Berlin und Brandenburg lehnen bei der Auseinandersetzung um die S-Bahn-Ausschreibung mit dem Alstom-Konzern eine außergerichtliche Lösung ab.

Ausbaufähige Stimmung: CDU-Senatorin Manja Schreiner bei der feierlichen Inbetriebnahme von Fahrzeugen der S-Bahn-Baureihe 483/484 Foto: Imago/Funke Foto Services

Berlin taz | Nee, lieber doch nicht: So lässt sich die Entscheidung der Länder Berlin und Brandenburg zusammenfassen, mit der sie am Freitag auf ein Lösungsangebot des Kammergerichts im Beschwerdeverfahren gegen die S-Bahn-Vergabe reagiert haben. Das Kammergericht – das in Berlin den Oberlandesgerichten anderer Bundesländer entspricht – hatte bei einem ersten Verhandlungstermin eine Woche zuvor den beiden Ländern sowie dem französischen Alstom-Konzern als Beschwerdeführer Vorschläge unterbreitet, wie diese auch ohne richterliche Entscheidung zu einer gütlichen Lösung kommen könnten.

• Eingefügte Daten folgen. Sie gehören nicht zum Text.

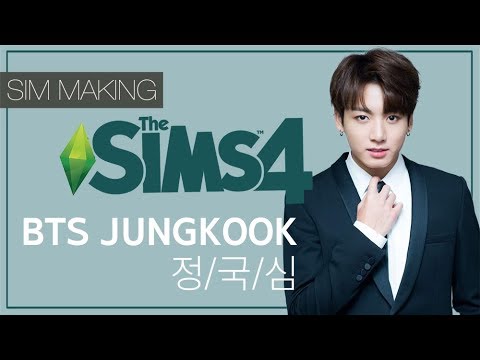 심즈4 : 방탄소년단 정국 심만들기 / The Sims4 : BTS Jungkook sim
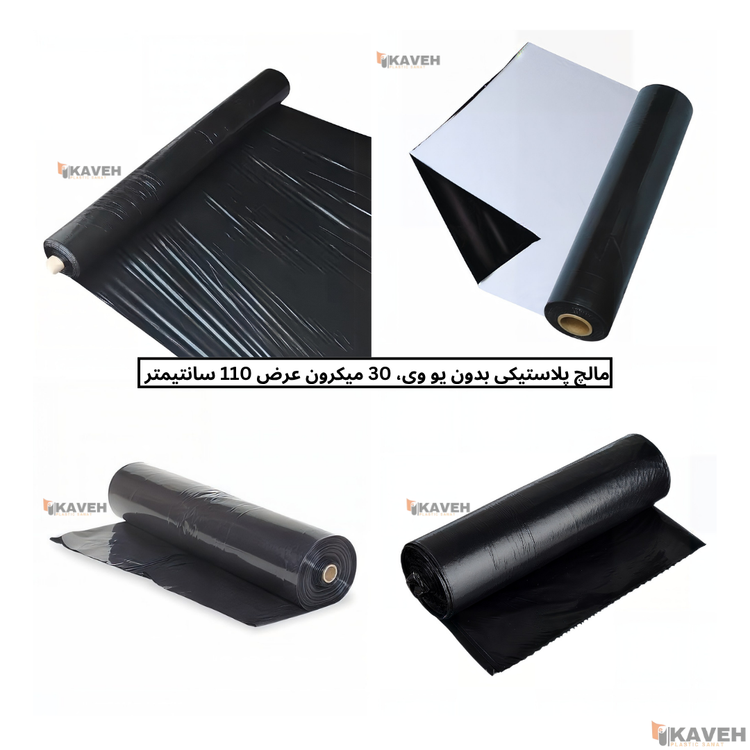 مالچ پلاستیکی کشاورزی بدون یو وی با ضخامت ۳۰ میکرون و عرض ۱۱۰ سانتیمتر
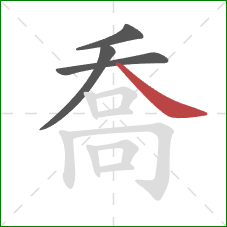 喬的笔顺第4画:捺 喬的笔顺第4画:捺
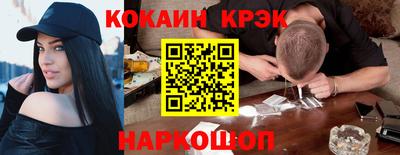 мефедрон VHQ Комсомольск-на-Амуре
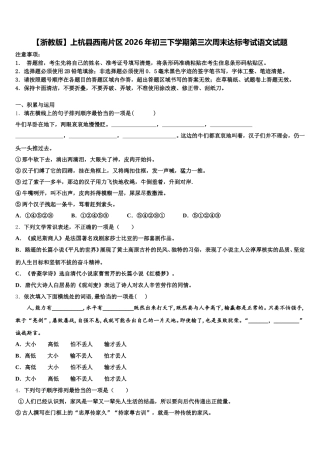 【浙教版】上杭县西南片区2026年初三下学期第三次周末达标考试语文试题含解析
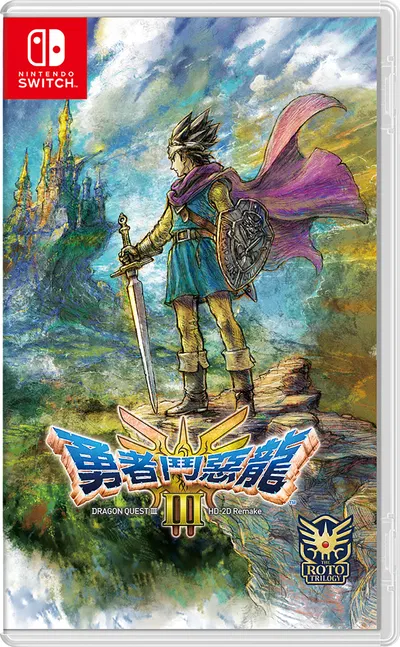 DRAGON QUEST III HD-2D Remake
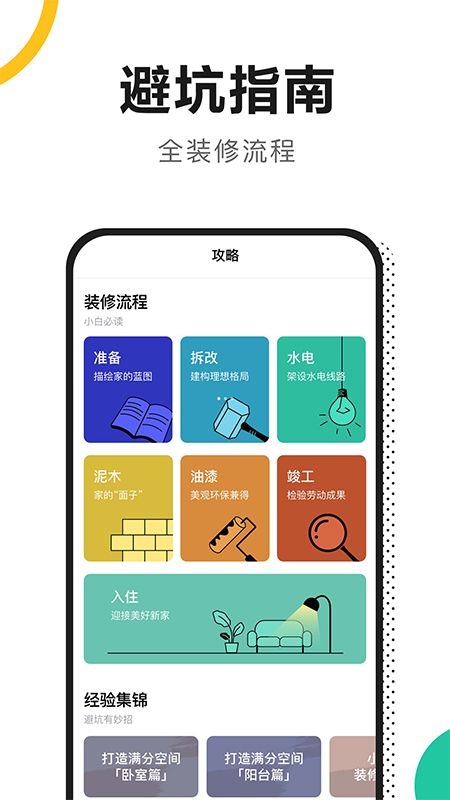 新房装修2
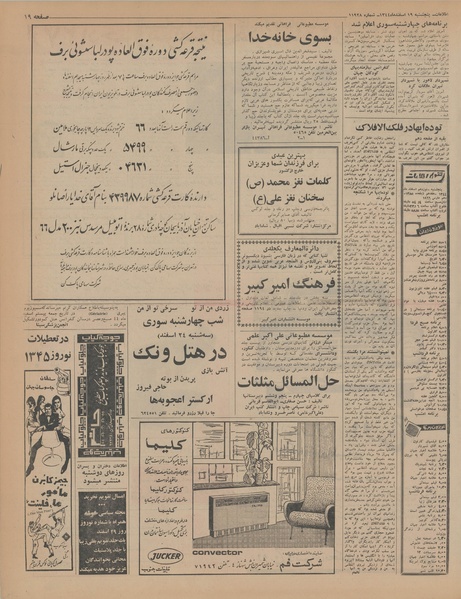 پرونده:Ettelaat13441219.pdf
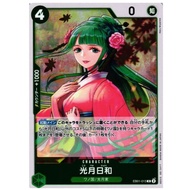 Hiyori Kozuki / 光月日和 EB01-013 R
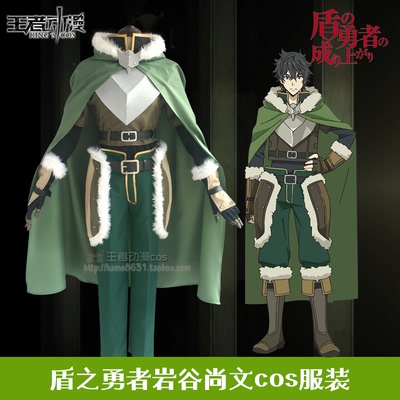 Filo Cosplay The Rising Of The Shield Hero Costum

„Wir haben uns nach intensiver Prüfung dazu entschieden, den Abhilfevorschlag nicht anzunehmen und die Entscheidung in die Hände des Kammergerichts zu legen“, teilte Verkehrssenatorin Manja Schreiner (CDU) am Freitagabend mit. Man werde jetzt den schriftlichen Gerichtsbeschluss abwarten und dann mit den nötigen Anpassungen in der S-Bahn-Ausschreibung „das Verfahren zügig zum Abschluss bringen“.

Wie die Berliner Zeitung berichtete, reagierten die RichterInnen mit Unverständnis darauf, dass die Länder ihr Angebot ablehnten: „Ein starkes Stück“ habe einer von ihnen dieses Vorgehen genannt. Auch sei von der Kammer beanstandet worden, dass im Gegensatz zum Brandenburger Verkehrsministerium kein Mitarbeiter aus Schreiners Senatsverwaltung zu dem Termin erschienen sei. Vorgetragen wurde die Entscheidung der Länder von ihrem gemeinsamen Anwalt.

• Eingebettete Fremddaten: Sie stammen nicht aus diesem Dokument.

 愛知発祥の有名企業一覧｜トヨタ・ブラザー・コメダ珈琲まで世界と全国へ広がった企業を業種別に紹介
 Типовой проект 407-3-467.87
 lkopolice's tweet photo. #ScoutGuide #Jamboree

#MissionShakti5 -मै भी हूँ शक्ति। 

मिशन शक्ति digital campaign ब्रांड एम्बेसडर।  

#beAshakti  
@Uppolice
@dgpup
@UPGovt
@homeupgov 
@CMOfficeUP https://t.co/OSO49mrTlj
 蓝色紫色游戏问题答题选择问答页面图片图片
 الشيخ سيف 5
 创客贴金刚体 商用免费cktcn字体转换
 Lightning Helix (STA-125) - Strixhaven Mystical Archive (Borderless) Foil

Aber worum genau geht es eigentlich? Im Jahr 2020 hatten die beiden Bundesländer einerseits den Bau von rund 1.400 S-Bahnwagen, andererseits den Betrieb der S-Bahn auf den Teilnetzen Nord-Süd und Ost-West (der sogenannten Stadtbahn) über einen Zeitraum von 15 Jahren ab 2029 separat ausgeschrieben. Dass die Ausschreibung in solche „Lose“ aufgeteilt wurde, war das Ergebnis einer langen politischen Debatte, in deren Rahmen sowohl die Verstaatlichung der S-Bahn als auch die Vergabe im Paket diskutiert worden waren.

Nachwehen der S-Bahn-Krise

Zu verstehen ist das nur vor dem Hintergrund der desaströsen S-Bahn-Krise von 2009. Damals waren technische Mängel der Züge bekannt geworden, viele Monate lang war nur ein stark eingeschränkter Betrieb möglich. Seitdem galt die Monopolstellung des damaligen (und aktuellen) Betreibers, der DB-Tochter S-Bahn Berlin GmbH, als Problem, das zu beheben sei. Die Linken forderten eine Rekommunalisierung, die SPD zog die pauschale Direktvergabe vor, wie sie bis dahin üblich war. Am Ende entschied sich die grüne Verkehrssenatorin Regine Günther dazu, die Vergabe in Lose zu splitten. Insgesamt geht es um einen Ausschreibungswert von bis zu 11 Milliarden Euro.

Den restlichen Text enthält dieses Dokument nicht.